Philippine Karatedo Federation N.S.A.
- Sport: Karate
- Abbreviation: PKF-NSA
- President: Joey Romasanta
- Secretary: Emerson Balbin

Official website
- www.philippinekaratedo.com
- Philippines

= Philippine Karatedo Federation =

Governing body of karate in the Philippines

The Philippine Karatedo Federation N.S.A., Inc. (PKF-NSA) is the governing body claiming jurisdiction over the sport of karate in the Philippines.

==Background==
The Philippine Karatedo Federation was a member of the World Karate Federation until April 2018 when the world body withdrew recognition amidst allegation of misappropriation of funds allocated for the karate delegation which competed at the 2017 Southeast Asian Games. However the PFK-NSA is given an opportunity to discuss the recognition withdrawal at the November 2018 WKF Congress.

The Philippine Sports Commission in response to the recognition withdrawal revoked its support for the national karate association while the Philippine Olympic Committee maintained that the PKF-NSA is still a member.

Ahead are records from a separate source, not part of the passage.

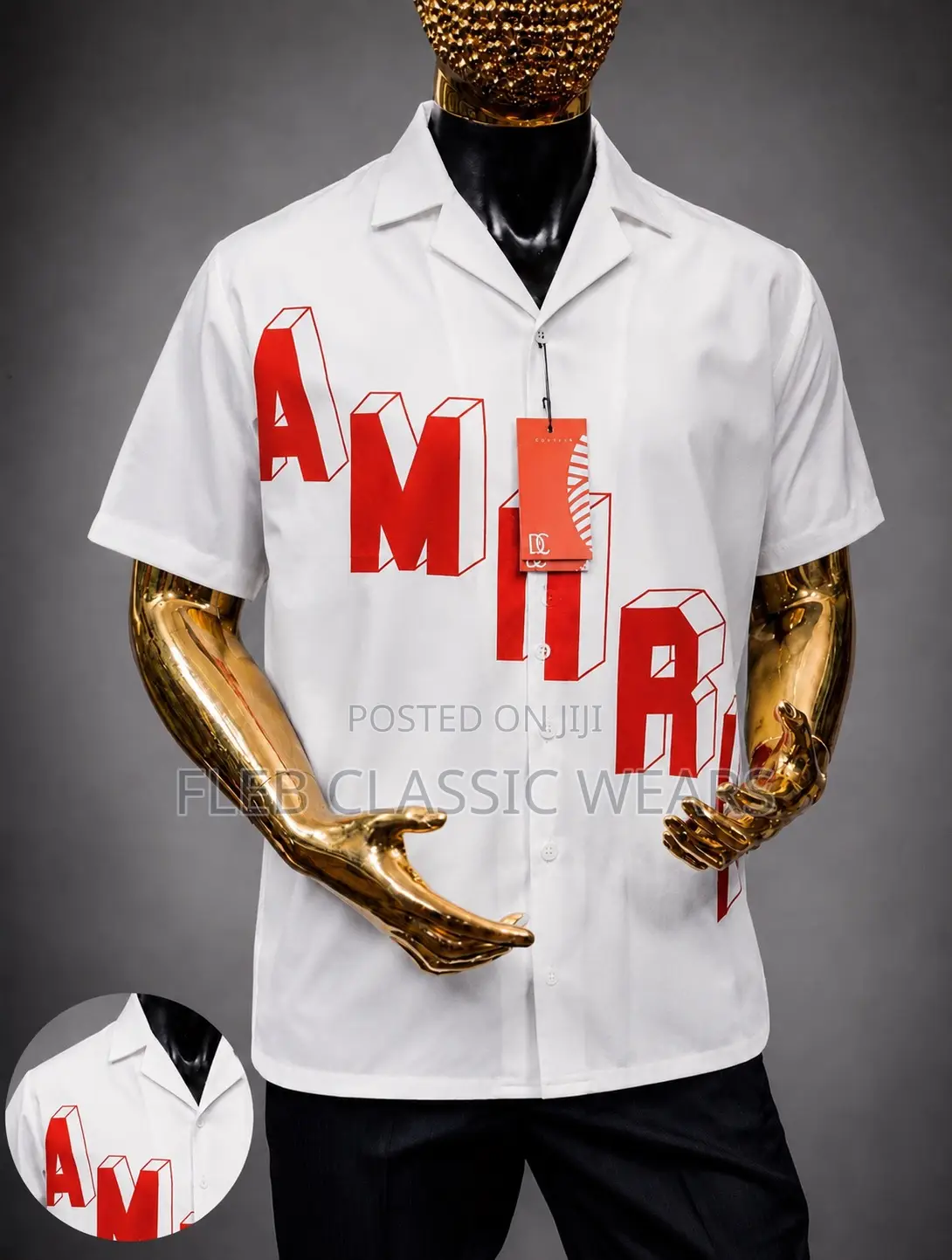 Quality Vintage Shirt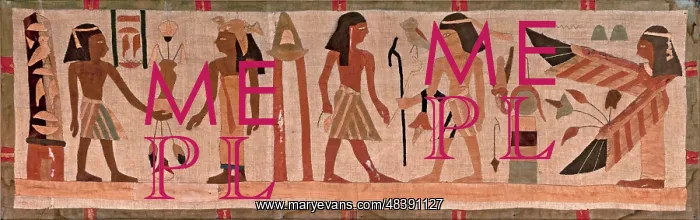 : Egyptian Gods Wall Hanging : Egyptian Gods Wall Hanging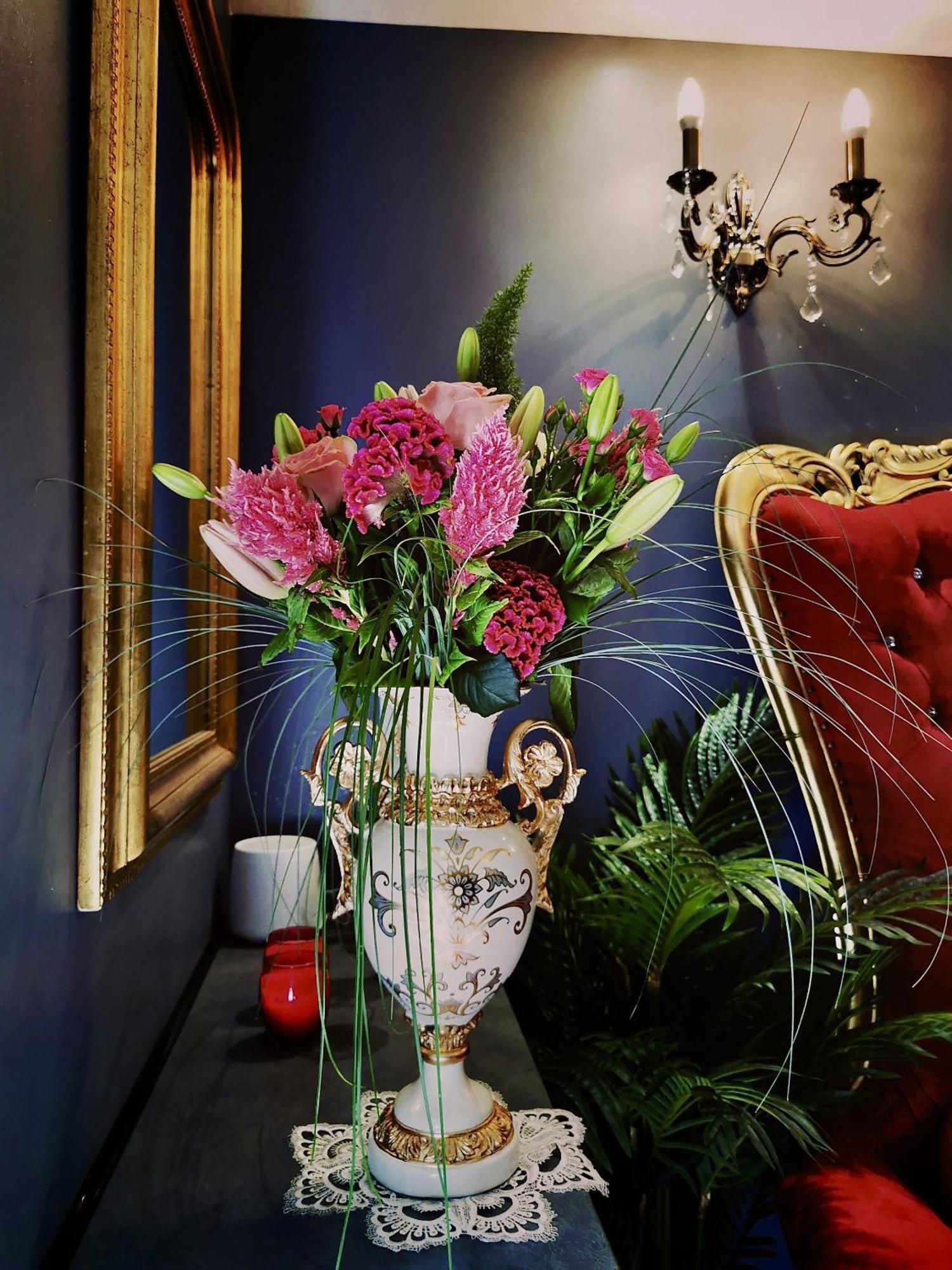 O Venus Spa Sin-le-Noble ภายนอก รูปภาพ
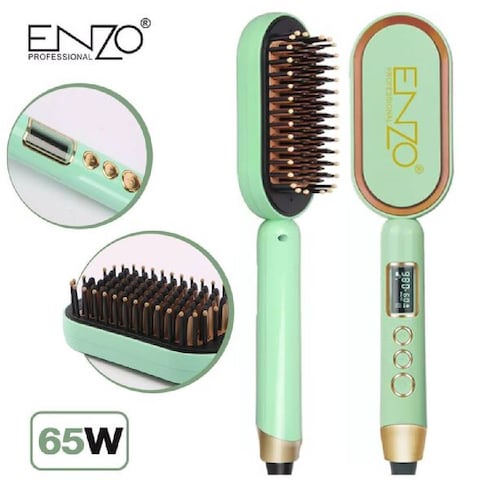 ENZO EN-4102 Professional Advanced Straight Hair Comb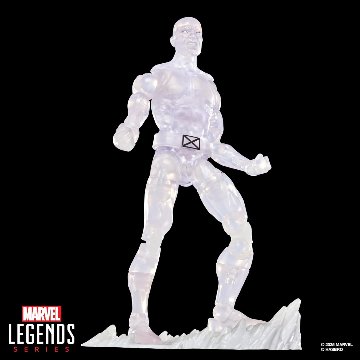 【限定】Marvel Legends Secret Wars Ice Manの画像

The POC took over the training and selection process of national karate athletes with former Karate coach Jobet Morales as overseer.

==President==
POC 1st Vice President Joey Romasanta was president until he resigned from the board and was appointed as the president of Larong Volleyball sa Pilipinas, Inc. in March 2015. He was re-elected in the same position in October 2016.